Voilà dix mois maintenant que nous avons commencé en famille notre lent périple un peu improvisé en Europe et en Asie. Nous essayons de voyager lentement et de voyager léger. Comme nous le souhaitions, nous prenons le temps de vivre des expériences nouvelles avec les enfants. Il est parfois difficile de faire un tout avec les expériences vécues, particulièrement lorsqu’on se déplace plus fréquemment. Difficile d’apprendre une langue, de comprendre les conventions et l’ambiance d’une culture.

 

J’ai parfois l’impression de collectionner les perles sans pouvoir en faire un collier. Il y a pourtant quelques impressions, quelques sentiments qui, me semble-t-il, valent d’être partagés et qui sait s’il y a un lien entre eux.

L’habitude de l’étrangeté

Le voyageur aime relativiser sa propre culture, sentir qu’il va au-delà, qu’il transcende les conventions. Mais il doit peu à peu réaliser qu’en étant étranger, il demeure pour l’essentiel en dessous des conventions. C’est-à-dire qu’il n’a pas accès à la subtilité parce qu’il n’a pas pu aplanir les aspérités du vulgaire.
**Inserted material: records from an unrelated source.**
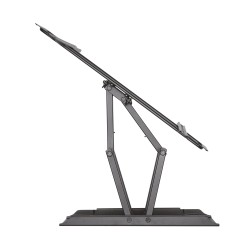 SOPORTE TV DE 37" a 70" NEGRO EXTRAIBLE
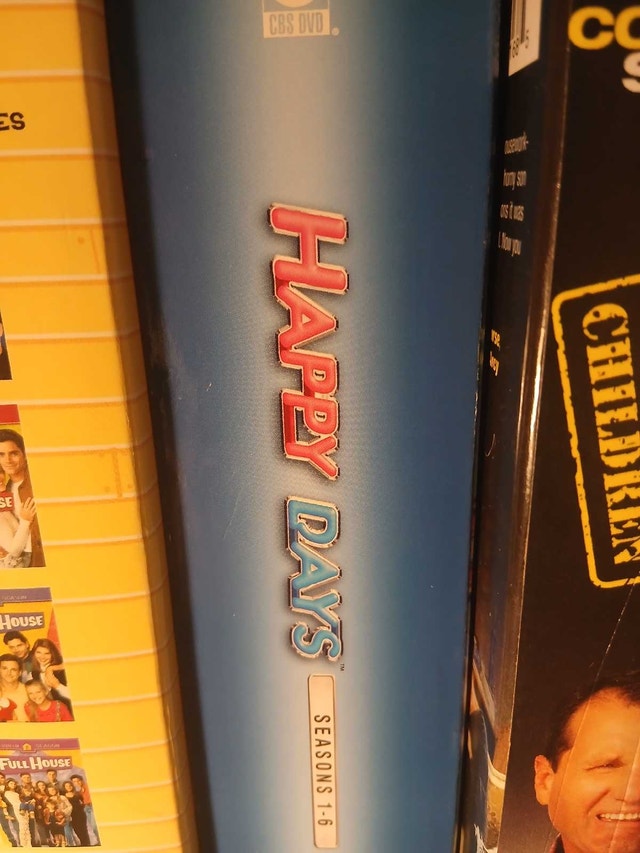 Happy Days complete series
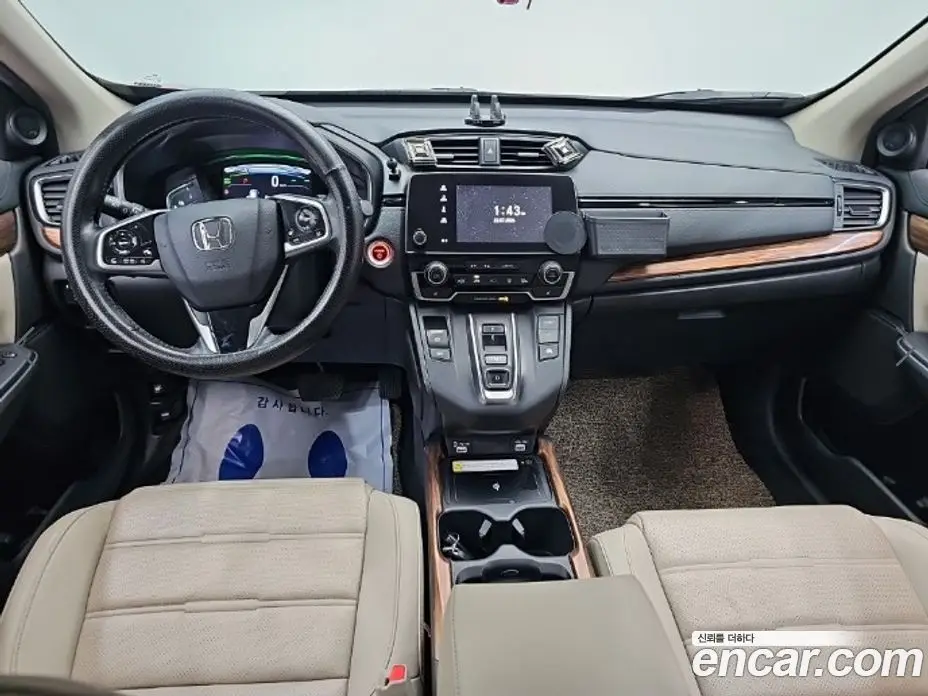 Honda CR-V 2021 2.0 АКПП, фото 7 Honda CR-V 2021 2.0 АКПП, фото 7
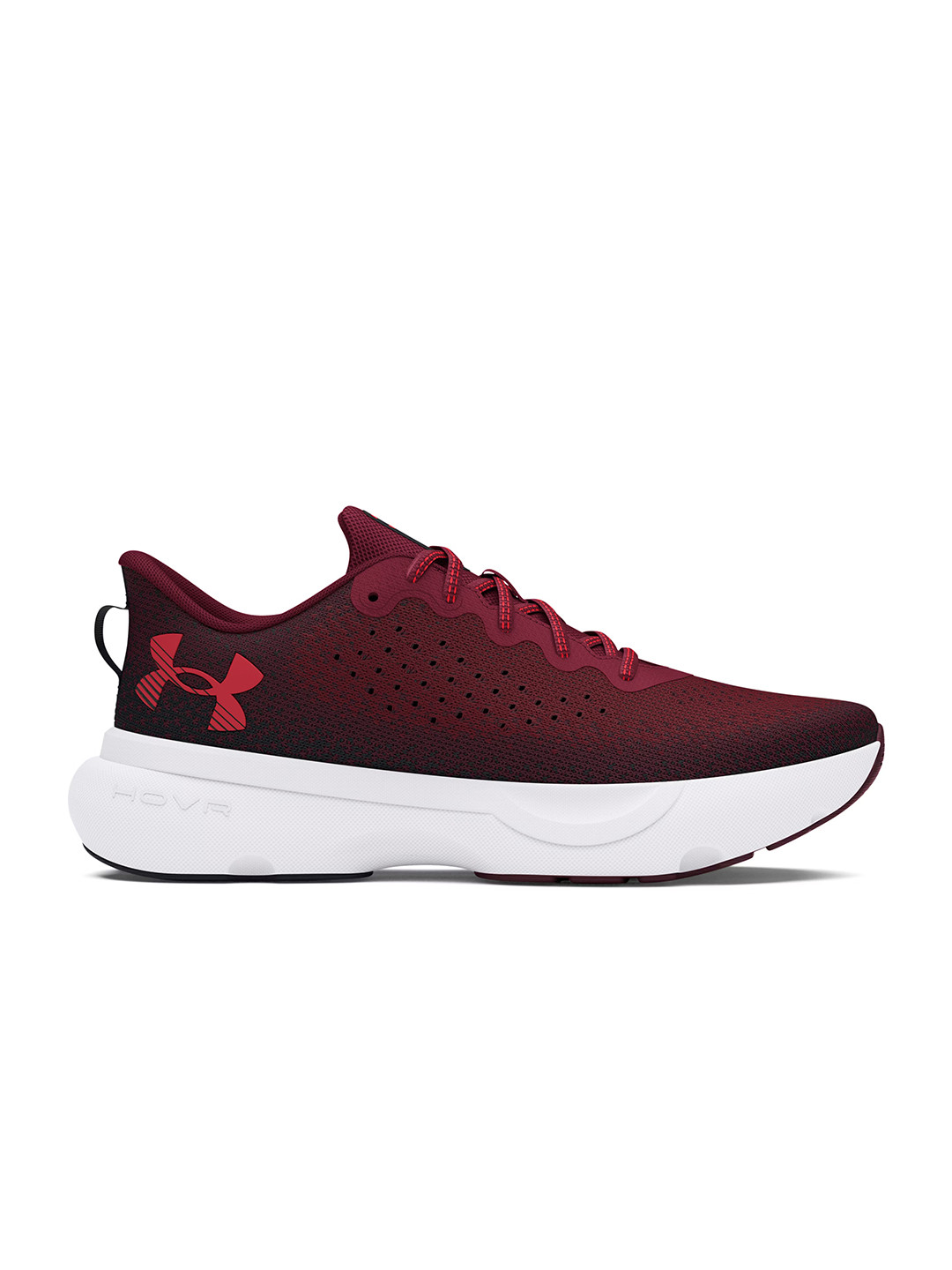 

UNDER ARMOUR Men Infinite Running Shoes, Maroon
Il n’est pas aisé de mesurer la portée du handicap dans lequel on se trouve en tant qu’étranger; et je parle ici du voyageur et non de celui qui a pris le temps d’apprivoiser son nouvel univers. On a souvent l’impression de se retrouver dans la peau d’un petit enfant: on ne sait plus parler. On ne comprend plus ce que disent les gens. La lecture est souvent impossible. La mémoire refuse de retenir des mots quand la racine de la langue est très différente ou quand l’alphabet n’est pas le même. Un grand nombre de nos réflexes sont devenus désuets et on n’a pas développé les réflexes normaux que tout le monde autour possède. Rien d’étonnant qu’on soit souvent l’objet de regards amusés. Les incidents ne manquent pas qui, avec un peu de sens de l’humour de part et d’autre, sont généralement cocasses et sans gravité.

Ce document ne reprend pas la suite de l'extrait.